Un terzo livello è quello dell’opposizione del vero e del falso (la volontà di verità). Solo che vero e falso sono concetti contingenti alla storia, in continuo movimento, sorretti da istituzioni che usano anche la coercizione per imporre la “verità” accettabile. Non è nel livello della proposizione dove Foucault situa la partizione vero/falso , ma su una scala più ampia, quella che considera la volontà della verità degli uomini lungo il corso della storia. Storicamente, per esempio, l’autore cita la Grecia del VI secolo, dove il discorso era vero se era pronunciato dalla autorità legittimata secondo una ritualizzazione canonica; un secolo dopo il discorso era vero in base a quel che effettivamente diceva. Dal vettore al contenuto, si potrebbe dire. E’ la volontà di sapere che muta, e che pone l’osservatore da una prospettiva che deve soddisfare dei canoni di veridicità. Parlando della nostra società, Foucault dice: “…Questa volontà di verità, come gli altri sistemi di esclusione, poggia su di un supporto istituzionale: essa è rinforzata, e riconfermata insieme, da tutto uno spessore di pratiche come la pedagogia, certo, come il sistema di libri…”.
E’ la costrizione della verità che fa paura, è la verità che si fonda sulle Istituzioni, che è sorretta da supporti istituzionali , è la verità “imposta”, è il discorso “vero” perché pronunciato “da chi di diritto”. E’ la “volontà di verità” sorretta da un supporto e da una distribuzione istituzionale che esercita sugli altri discorsi una pressione ed un potere di coercizione. E’ una volontà di verità che va aggirata, perché essa è capace di mascherare il vero.
Ciò che conta, dunque, è come la società valorizza, distribuisce e attribuisce il sapere (e la verità).
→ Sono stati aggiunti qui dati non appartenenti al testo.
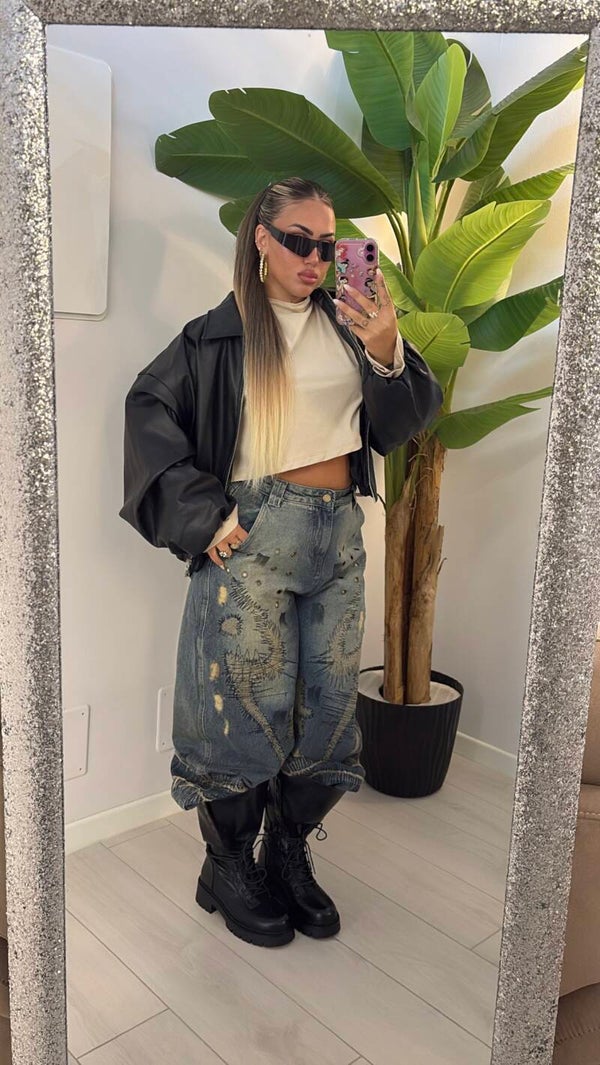 Denim patch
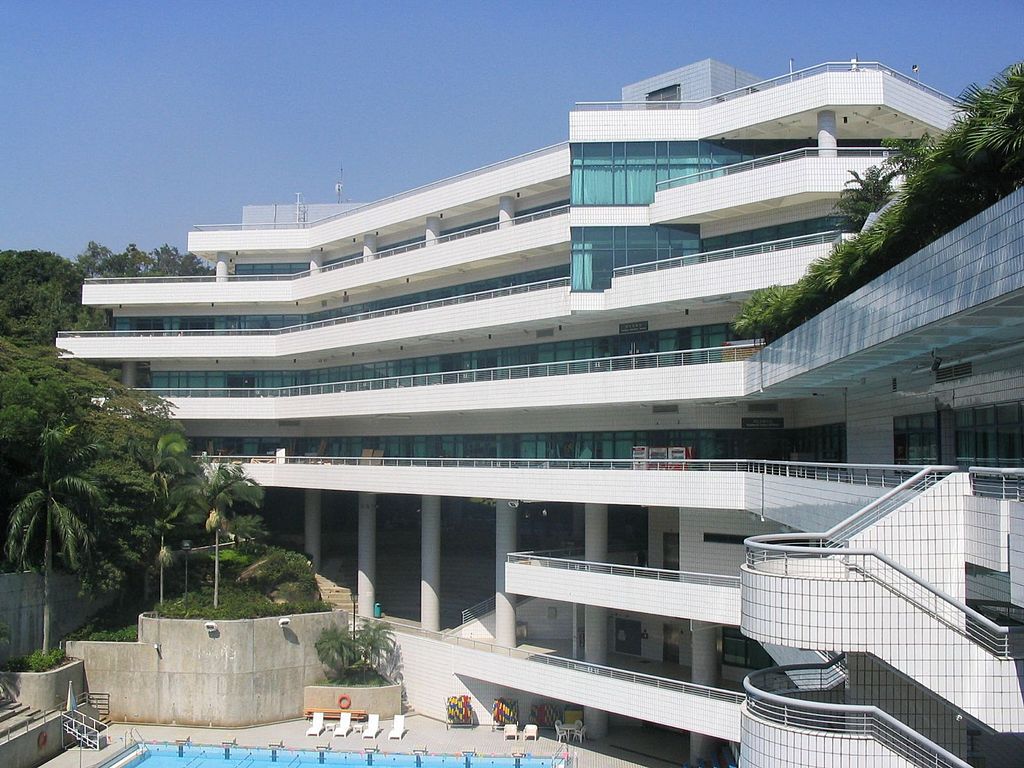 香港城市大学图集1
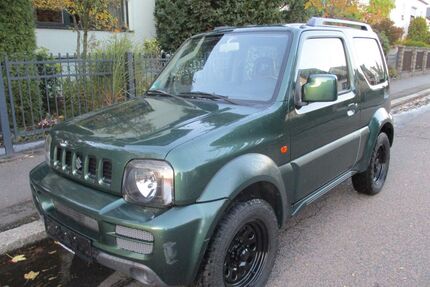 Suzuki Jimny Gebrauchtwagen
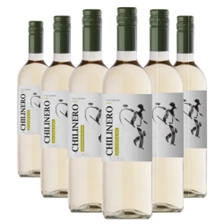 Buy & Send Wine Case of 6 Chilinero Sauvignon Blanc 75cl White Wine
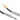 18 Rockville RCGT6.0O 6'  1/4" TS to 1/4'' TS Guitar/Instrument Cable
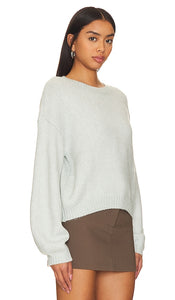 Steve Madden Colette Sweater in Sage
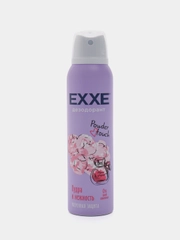 Дезодорант женский EXXE Powder touch "Пудра и Нежность", 150 мл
Il discorso della verità, la volontà di verità, istituzionalmente sanzionata, preme sugli altri discorsi, perché parola del potere. E’ un discorso che non autorizza altre interpretazioni, che giustifica la verità dell’oggi, quella accettata e simbolicamente rappresentata. E’ razionale.
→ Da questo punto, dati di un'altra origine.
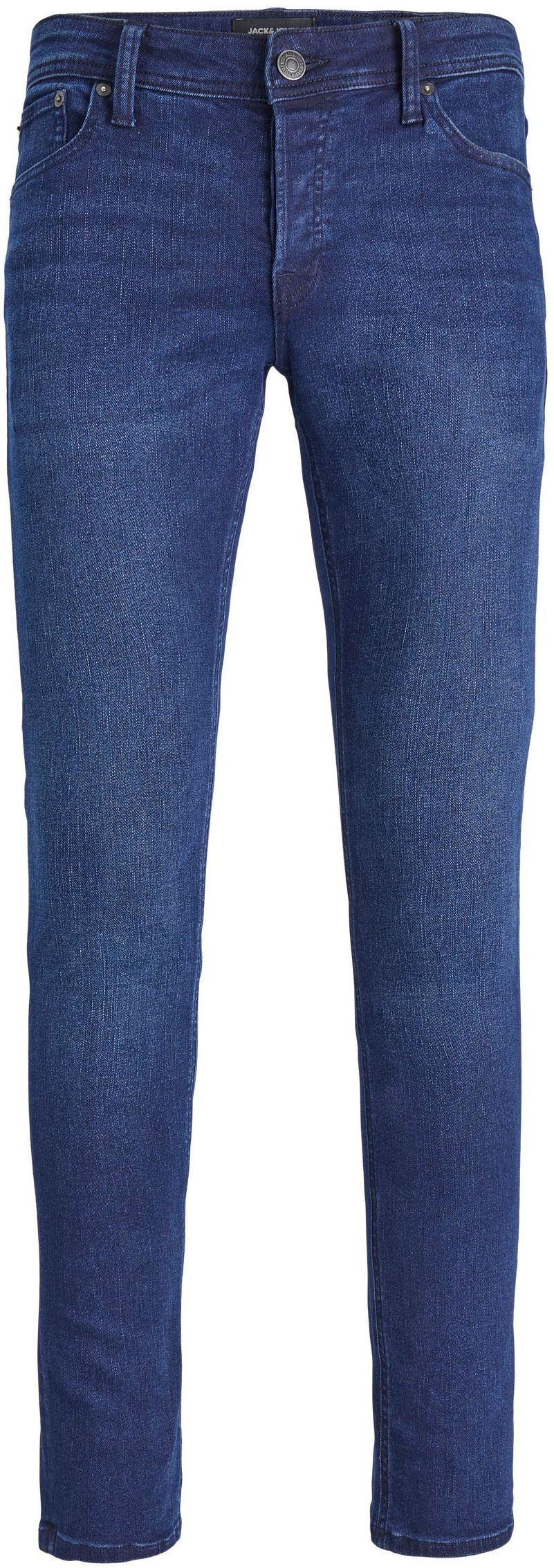 Jack & Jones Slim-fit-Jeans »JJIGLENN JJORIGINAL MF 221 SN«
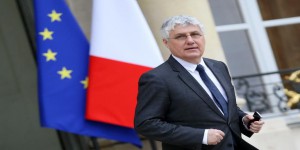 Philippe Martin «déterminé» à faire interdire les OGM en France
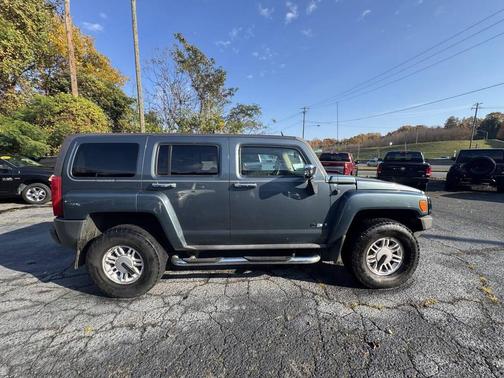 2006 Hummer H3 Base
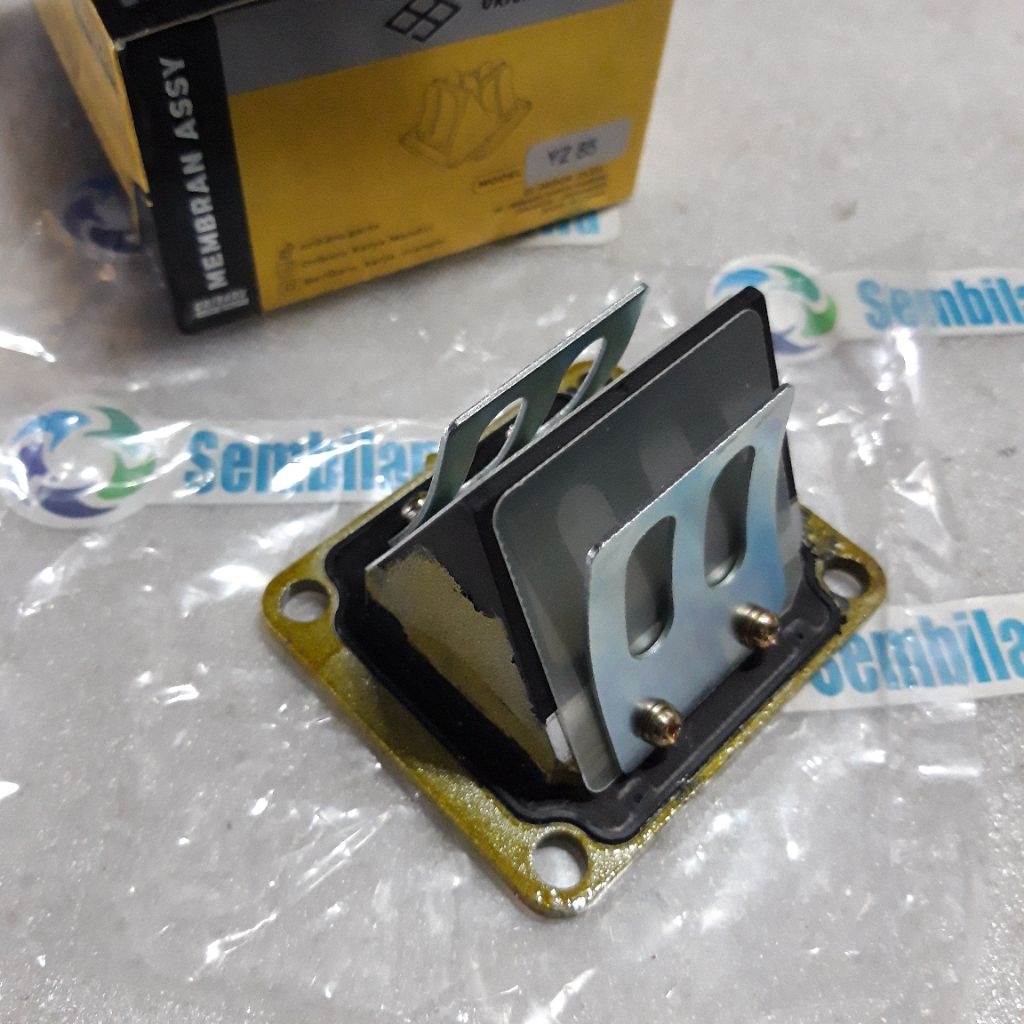 baru membran racing YZ85 PNP RX KING RXZ 125Z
Secondo l’autore è la terza delle procedure di esclusione del discorso, la volontà di verità, che sta nel tempo togliendo spazio ed inglobando le atre due (parola interdetta e partizione della follia). Tuttavia, la volontà di verità non viene problematizzata, le sue procedure non vengono riconosciute. Perché?
La congiuntura sopra evocata – quella del passaggio dalla verità del discorso in quanto desiderio di verità che esercita il potere (ritualizzazione dell’enunciazione del discorso) alla verità del discorso in quanto enunciazione del vero, in quanto contenuto enunciato – ha mascherato con una patina di verità la volontà di verità, sicché essa diviene difficile da interrogare. Se un discorso è vero, perché chiedersi se lo è? Chi ha il potere di dire che la verità non è vera perché figlia di una volontà di verità storicamente e culturalmente plasmatasi?
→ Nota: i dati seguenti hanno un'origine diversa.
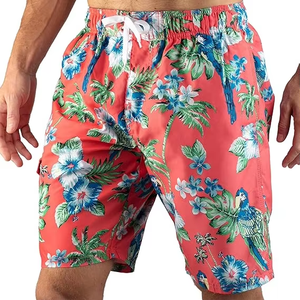 Shorts cargo imperméables taille mi-haute avec grandes poches, taille XL, fermeture à cordon, options multicolores, service de personnalisation de logos - Product Image 3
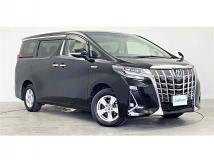 2019 Toyota Alphard Hybrid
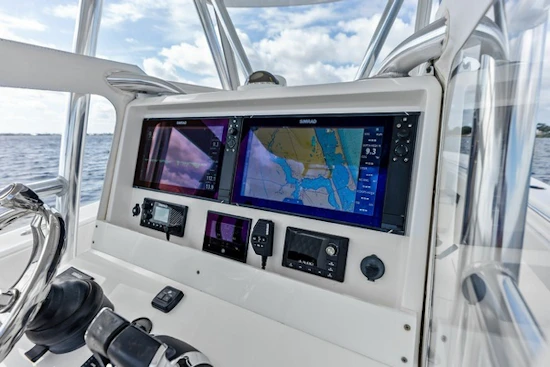 Invincible 33 Open Fisherman Yacht For Sale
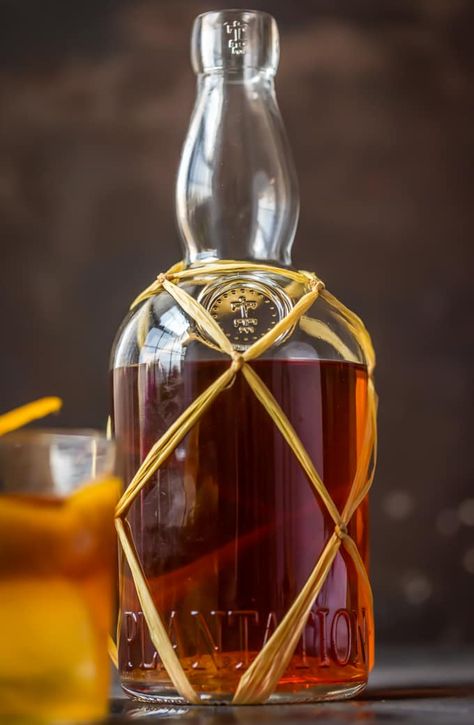 Homemade Rum Recipes in glass bottle Booze Recipes, Homemade Rum, Spiced Rum Recipes, Spiced Rum Drinks, How To Make Rum, Infused Alcohol, Distilling Alcohol, Rum Drinks Recipes, Diy Alcohol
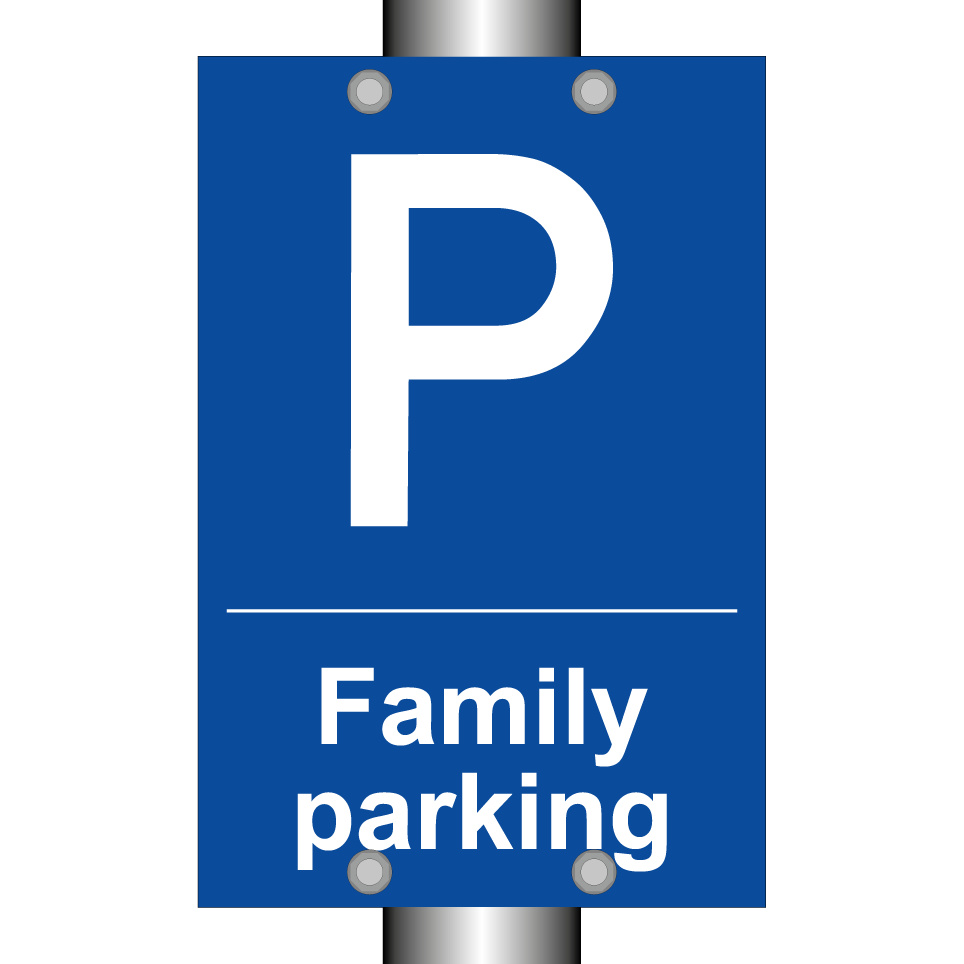 Family parking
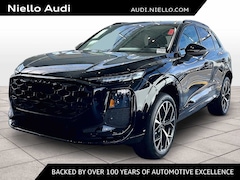 2026 Audi Q3 S Line quattro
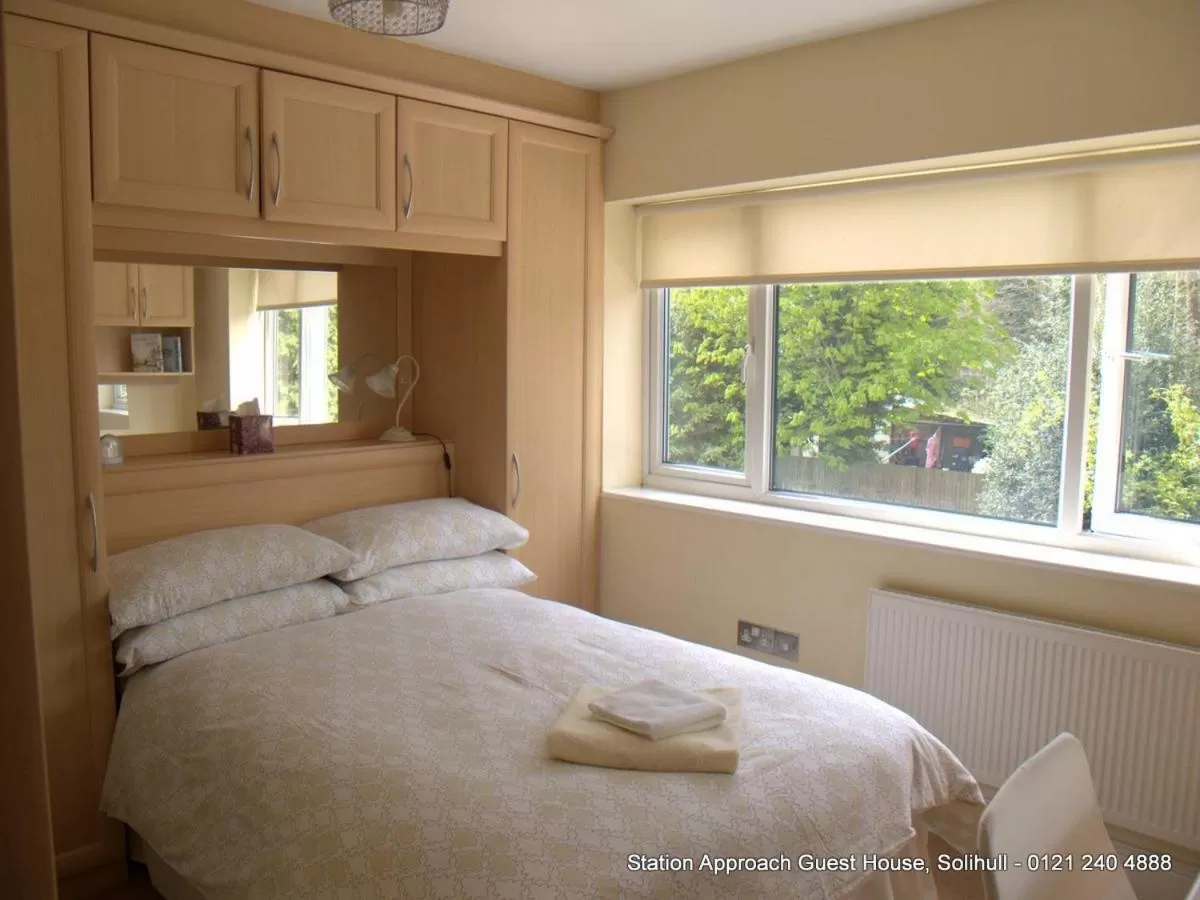 Bed in Station Approach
Le procedure d’esclusione, dunque, concernono il desiderio ed il potere. Oltre a queste, esistono altre procedure di controllo e delimitazione del discorso. Se le procedure di esclusione sono procedure attuate dall’esterno, vi sono anche procedure interne al discorso, ovvero i discorsi tendono a controllarsi. Sono procedure che funzionano come principi di classificazione, d’ordinamento e di distribuzione che vogliono padroneggiare una dimensione del discorso che Foucault chiama dell’evento (évenemént) e del caso.
Tra le procedure interne di controllo del discorso Foucault descrive:
a) Il commento.
Per l’autore nella società esiste un dislivello tra i discorsi: quelli che “si dicono” ma che non restano, passano nel momento in cui vengono enunciati; e quelli che “restano”, che originano nuovi atti, che vengono ritualmente trasmessi, che variano, che vengono ripresi o citati (esempi forniti per il nostro sistema culturale: testi religiosi e giuridici, letteratura, libri scientifici). Le categorie non sono immodificabili: quello che oggi si commenta domani sarà dimenticato. Ma la funzione resta, per Foucault. Dunque, tra i testi primitivi (primari) e quelli di commento vi è una relazione per cui i primi possono tornare, ritualizzarsi, moltiplicare il proprio senso. Si possono, allora, costruire nuovi discorsi. Il commento deve dire per la prima volta quel che era stato detto e che non era stato detto. Il commento è un discorso che non nasce dal caso, parte da un testo, dice cose anche diverse, ma ripropone il testo di partenza. Nel commento il “nuovo non è in ciò che è detto, ma nell’evento del suo ritorno”.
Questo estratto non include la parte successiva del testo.